Jina AI’s jina-embeddings-v2: an open source text embedding model that matches OpenAI’s ada-002


Jina AI released jina-embeddings-v2-base-en, a text embedding model that matches OpenAI’s ada-002 model in both benchmark performance and context window length. Deploy jina-embeddings-v2 with Baseten to use this text embedding model for search, recommendation, clustering, and retrieval-augmented generation.

Text embedding models in under a minute

A text embedding model takes chunks of text and turns them into vectors. More literally: you give it a string, it gives you back a list of floating-point numbers. These vectors encode the semantic meaning of the string and are always the same length regardless of how long the input text is.

On its own, a single text embedding is pretty useless. But when you create embeddings of a corpus of text, you can do search, recommendation, clustering, and more by comparing the embeddings for similarity. Embeddings are especially useful when paired with LLMs for uses like retrieval-augmented generation.

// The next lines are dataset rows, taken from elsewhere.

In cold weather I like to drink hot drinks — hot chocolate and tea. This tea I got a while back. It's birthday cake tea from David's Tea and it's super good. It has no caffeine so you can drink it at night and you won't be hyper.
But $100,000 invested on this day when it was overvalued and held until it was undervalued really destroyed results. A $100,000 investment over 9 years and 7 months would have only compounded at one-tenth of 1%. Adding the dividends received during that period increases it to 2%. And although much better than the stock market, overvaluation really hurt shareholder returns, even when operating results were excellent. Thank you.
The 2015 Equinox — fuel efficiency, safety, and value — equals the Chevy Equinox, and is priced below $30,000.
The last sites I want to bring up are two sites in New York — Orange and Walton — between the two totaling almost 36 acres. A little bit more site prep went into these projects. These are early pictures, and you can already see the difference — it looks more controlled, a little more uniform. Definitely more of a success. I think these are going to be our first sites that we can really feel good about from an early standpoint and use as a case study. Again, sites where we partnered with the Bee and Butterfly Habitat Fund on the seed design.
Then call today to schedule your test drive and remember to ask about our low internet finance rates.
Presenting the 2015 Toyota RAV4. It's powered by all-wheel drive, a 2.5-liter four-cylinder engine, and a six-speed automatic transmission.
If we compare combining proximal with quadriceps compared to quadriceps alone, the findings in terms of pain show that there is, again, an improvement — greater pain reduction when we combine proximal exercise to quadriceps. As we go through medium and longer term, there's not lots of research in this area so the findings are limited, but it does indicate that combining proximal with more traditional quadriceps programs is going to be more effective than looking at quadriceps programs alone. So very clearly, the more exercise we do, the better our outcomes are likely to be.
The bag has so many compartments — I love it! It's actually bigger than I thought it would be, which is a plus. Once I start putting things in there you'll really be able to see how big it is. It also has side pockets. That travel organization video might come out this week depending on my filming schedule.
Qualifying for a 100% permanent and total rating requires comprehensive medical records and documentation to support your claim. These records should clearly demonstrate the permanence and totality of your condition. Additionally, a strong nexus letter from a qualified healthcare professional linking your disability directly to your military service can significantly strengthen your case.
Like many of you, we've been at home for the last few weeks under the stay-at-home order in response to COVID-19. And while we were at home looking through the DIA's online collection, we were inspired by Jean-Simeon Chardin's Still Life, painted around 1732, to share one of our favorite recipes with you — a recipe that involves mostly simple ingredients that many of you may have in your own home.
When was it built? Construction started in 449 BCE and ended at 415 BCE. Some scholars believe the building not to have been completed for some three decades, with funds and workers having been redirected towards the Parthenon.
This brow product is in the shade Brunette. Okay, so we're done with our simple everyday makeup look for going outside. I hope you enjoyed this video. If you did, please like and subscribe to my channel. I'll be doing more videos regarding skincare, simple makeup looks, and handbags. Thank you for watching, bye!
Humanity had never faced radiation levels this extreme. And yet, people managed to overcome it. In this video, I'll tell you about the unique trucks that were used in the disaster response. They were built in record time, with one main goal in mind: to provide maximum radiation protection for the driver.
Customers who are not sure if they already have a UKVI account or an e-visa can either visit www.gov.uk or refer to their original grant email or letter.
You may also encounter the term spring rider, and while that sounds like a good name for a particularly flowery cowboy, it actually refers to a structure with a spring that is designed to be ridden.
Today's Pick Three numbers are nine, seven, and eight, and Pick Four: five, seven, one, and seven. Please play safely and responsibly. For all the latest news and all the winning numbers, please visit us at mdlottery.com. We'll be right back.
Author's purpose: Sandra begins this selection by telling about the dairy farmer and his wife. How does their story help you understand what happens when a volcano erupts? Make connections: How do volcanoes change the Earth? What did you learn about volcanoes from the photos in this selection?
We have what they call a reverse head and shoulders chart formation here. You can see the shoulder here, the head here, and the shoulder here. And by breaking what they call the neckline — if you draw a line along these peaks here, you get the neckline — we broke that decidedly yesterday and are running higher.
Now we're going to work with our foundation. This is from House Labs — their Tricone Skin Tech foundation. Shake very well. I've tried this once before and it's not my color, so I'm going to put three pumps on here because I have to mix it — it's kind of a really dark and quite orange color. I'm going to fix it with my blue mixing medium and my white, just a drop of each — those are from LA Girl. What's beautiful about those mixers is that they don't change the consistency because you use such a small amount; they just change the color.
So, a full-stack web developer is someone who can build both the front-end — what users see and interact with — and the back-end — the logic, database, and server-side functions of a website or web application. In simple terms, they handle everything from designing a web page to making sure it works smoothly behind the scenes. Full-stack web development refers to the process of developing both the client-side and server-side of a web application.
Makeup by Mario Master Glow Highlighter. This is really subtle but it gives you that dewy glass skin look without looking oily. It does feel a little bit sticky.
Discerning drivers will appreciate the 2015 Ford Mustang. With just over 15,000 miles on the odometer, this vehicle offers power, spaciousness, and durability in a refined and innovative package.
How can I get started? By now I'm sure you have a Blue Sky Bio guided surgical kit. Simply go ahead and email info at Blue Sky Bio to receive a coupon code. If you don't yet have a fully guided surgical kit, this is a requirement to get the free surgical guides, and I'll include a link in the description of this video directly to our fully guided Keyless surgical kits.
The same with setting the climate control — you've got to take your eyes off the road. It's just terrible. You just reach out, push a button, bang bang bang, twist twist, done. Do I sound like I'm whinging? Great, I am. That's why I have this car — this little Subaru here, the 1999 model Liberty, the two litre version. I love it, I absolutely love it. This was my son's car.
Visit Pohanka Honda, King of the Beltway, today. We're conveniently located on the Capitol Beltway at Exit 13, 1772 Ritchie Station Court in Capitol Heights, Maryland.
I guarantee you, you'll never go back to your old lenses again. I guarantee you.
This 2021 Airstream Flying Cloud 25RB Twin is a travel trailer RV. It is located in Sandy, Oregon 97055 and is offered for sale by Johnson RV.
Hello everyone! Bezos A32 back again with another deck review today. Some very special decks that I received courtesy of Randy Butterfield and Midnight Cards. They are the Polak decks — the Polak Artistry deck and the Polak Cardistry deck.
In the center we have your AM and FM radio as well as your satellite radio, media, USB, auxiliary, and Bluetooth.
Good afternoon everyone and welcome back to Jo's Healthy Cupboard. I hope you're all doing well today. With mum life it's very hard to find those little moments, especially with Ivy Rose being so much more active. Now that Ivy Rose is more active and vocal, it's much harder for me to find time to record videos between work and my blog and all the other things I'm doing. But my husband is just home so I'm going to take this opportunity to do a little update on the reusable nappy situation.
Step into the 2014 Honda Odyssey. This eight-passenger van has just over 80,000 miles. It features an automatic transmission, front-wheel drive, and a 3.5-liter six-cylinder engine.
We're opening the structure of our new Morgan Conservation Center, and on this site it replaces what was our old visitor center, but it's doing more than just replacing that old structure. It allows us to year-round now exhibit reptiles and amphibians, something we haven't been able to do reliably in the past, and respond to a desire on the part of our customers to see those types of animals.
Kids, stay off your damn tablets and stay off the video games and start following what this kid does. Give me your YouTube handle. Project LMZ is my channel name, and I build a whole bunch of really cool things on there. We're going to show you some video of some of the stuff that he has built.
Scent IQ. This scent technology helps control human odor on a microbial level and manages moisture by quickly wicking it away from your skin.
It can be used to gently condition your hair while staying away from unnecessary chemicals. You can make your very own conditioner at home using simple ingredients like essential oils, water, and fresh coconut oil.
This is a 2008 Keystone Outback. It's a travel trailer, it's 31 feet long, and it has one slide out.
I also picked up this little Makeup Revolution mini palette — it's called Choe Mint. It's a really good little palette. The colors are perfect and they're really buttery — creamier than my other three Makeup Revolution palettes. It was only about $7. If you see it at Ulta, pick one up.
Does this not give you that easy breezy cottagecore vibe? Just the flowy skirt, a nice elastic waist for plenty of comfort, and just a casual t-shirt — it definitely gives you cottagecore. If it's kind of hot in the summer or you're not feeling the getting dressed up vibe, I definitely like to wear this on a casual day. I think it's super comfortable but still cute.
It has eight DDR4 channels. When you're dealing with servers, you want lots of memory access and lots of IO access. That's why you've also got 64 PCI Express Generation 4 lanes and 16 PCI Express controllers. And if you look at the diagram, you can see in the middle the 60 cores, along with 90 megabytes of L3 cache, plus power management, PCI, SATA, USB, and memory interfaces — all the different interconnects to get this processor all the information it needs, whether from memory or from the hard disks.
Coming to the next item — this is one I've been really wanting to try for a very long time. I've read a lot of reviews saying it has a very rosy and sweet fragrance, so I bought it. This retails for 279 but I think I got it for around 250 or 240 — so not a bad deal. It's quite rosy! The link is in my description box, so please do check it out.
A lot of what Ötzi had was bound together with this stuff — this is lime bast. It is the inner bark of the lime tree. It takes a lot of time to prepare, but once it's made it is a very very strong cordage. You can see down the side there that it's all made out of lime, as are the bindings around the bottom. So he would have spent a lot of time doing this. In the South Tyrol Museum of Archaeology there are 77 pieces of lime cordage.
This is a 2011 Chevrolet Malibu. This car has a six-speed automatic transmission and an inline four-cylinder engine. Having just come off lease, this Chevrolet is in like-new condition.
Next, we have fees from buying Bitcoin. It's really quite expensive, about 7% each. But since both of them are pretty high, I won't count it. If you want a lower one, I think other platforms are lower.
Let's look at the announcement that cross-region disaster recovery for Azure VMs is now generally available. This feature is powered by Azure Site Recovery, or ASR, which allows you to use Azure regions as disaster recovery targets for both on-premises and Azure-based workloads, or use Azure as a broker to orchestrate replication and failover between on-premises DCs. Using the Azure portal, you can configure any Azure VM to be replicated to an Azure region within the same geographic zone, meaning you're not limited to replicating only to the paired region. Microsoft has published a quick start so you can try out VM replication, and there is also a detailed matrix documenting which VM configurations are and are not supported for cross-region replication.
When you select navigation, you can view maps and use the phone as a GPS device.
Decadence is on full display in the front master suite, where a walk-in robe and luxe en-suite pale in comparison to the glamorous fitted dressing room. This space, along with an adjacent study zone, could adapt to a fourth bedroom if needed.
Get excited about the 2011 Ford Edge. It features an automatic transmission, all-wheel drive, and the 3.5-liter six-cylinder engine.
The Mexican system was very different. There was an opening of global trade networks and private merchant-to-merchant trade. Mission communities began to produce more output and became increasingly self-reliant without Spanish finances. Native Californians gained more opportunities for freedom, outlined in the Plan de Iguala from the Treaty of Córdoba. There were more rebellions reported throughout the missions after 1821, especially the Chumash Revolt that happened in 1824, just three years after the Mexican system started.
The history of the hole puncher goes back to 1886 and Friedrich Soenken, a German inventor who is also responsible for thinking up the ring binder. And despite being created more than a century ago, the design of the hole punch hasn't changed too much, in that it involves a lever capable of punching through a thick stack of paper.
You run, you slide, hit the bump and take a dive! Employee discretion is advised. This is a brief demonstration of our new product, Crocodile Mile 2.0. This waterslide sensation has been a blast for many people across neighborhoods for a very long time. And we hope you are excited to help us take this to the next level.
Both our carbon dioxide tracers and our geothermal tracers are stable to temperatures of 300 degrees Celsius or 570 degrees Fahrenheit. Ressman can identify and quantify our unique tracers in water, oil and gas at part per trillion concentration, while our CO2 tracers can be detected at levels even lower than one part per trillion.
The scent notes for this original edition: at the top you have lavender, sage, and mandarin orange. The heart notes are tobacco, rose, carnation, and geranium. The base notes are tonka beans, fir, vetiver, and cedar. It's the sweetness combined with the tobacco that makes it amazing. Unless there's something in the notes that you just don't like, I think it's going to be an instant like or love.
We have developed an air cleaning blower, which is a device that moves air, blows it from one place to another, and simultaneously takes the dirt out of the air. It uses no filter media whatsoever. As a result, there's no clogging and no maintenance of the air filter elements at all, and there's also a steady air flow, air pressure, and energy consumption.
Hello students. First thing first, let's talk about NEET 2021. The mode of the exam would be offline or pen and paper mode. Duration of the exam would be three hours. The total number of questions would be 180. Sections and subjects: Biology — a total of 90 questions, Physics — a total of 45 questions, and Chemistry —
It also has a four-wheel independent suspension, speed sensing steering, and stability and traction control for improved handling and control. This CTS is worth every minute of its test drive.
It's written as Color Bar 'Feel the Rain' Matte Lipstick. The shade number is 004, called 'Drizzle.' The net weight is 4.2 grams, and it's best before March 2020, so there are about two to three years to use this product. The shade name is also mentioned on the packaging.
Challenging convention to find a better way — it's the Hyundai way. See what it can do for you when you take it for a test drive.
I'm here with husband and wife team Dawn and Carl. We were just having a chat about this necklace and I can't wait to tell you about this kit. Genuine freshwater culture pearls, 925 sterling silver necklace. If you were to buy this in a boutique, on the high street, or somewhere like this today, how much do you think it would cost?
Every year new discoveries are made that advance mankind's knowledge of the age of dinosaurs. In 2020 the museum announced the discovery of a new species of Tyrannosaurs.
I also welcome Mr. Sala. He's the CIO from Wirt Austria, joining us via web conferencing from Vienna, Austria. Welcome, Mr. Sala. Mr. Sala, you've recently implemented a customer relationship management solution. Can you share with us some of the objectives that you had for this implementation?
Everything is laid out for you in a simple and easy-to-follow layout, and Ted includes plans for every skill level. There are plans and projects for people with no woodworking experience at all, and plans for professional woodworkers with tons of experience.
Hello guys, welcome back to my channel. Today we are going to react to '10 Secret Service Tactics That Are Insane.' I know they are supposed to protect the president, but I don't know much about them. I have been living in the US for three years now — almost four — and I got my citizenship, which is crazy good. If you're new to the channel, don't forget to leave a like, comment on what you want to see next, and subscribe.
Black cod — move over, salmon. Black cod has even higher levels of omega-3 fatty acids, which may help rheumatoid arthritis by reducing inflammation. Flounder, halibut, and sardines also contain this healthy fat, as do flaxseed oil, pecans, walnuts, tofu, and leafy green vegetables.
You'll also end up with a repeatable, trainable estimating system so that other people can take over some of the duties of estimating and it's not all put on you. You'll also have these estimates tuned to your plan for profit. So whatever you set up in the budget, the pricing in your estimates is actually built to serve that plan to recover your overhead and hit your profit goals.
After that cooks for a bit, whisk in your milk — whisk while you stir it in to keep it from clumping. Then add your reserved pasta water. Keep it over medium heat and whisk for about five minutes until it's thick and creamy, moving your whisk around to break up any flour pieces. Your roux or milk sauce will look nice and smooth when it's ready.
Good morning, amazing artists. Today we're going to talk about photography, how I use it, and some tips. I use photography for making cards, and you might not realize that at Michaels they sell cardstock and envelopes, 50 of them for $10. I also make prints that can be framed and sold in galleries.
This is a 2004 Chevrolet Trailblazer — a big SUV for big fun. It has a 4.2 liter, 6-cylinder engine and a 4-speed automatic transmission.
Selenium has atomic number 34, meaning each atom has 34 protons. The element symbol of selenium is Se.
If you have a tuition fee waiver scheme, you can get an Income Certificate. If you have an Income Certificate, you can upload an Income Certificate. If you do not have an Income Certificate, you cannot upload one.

How jina-embeddings-v2 compares to OpenAI ada-002

The jina-embeddings-v2 model matches up well against OpenAI’s ada-002 based on two key factors:

  1. Benchmark performance, where jina-embeddings-v2 scores an average of 60.38 compared to ada-002’s 60.99 and slightly outperforms ada-002 on certain subsets of the benchmark datasets.

  2. Context window, where both models allow up to 8,192 tokens to be processed into a single embedding.

The context window is especially important. Compared to other popular open-source text embedding models like all-MiniLM-L6-v2 (256 tokens) and all-mpnet-base-v2 (384 tokens), jina-embeddings-v2’s context window opens up new use cases. Where before you’d need to make an embedding for each page of a book, now you can make an embedding for each chapter.

One limitation of jina-embeddings-v2 is that it only works on English text, though its makers say that models for more languages are coming soon, starting with Spanish and German.

Deploying jina-embeddings-v2

The fastest way to get started is to deploy jina-embeddings-v2 from our model library. You’ll be up and running in just a couple of clicks. You can also deploy the model using Truss.

By default, the model is configured to run on a CPU-only instance with 4 cores and 16 GiB of RAM. This inexpensive instance is great for experimentation and making a small number of embeddings, but if you need to process a large amount of text quickly, you’ll need a larger instance type, which you can easily switch to in your Baseten dashboard.

Running inference on jina-embeddings-v2

The model takes a dictionary as input with two keys:

  • text: A list of strings. Each string will be encoded into a text embedding and returned.

  • max_length (optional): The number of tokens per string to encode. Default is 8,192, which is also the maximum number of tokens the model can process per string.

You can test the model with:

truss predict -d '{"text": ["I want to eat pasta", "I want to eat pizza"], "max_length": 8192}'

Inference on a single string should take less than a second. On the 4x16 CPU-only instance type, the model encoded all 154 of Shakespeare’s sonnets (about 100 KB of text) in 40 to 45 seconds.

Text embeddings models let you do really cool stuff with LLMs, and I’m excited to try jina-embeddings-v2 for some of my upcoming projects, like building a retrieval augmented generation application with entirely open source models.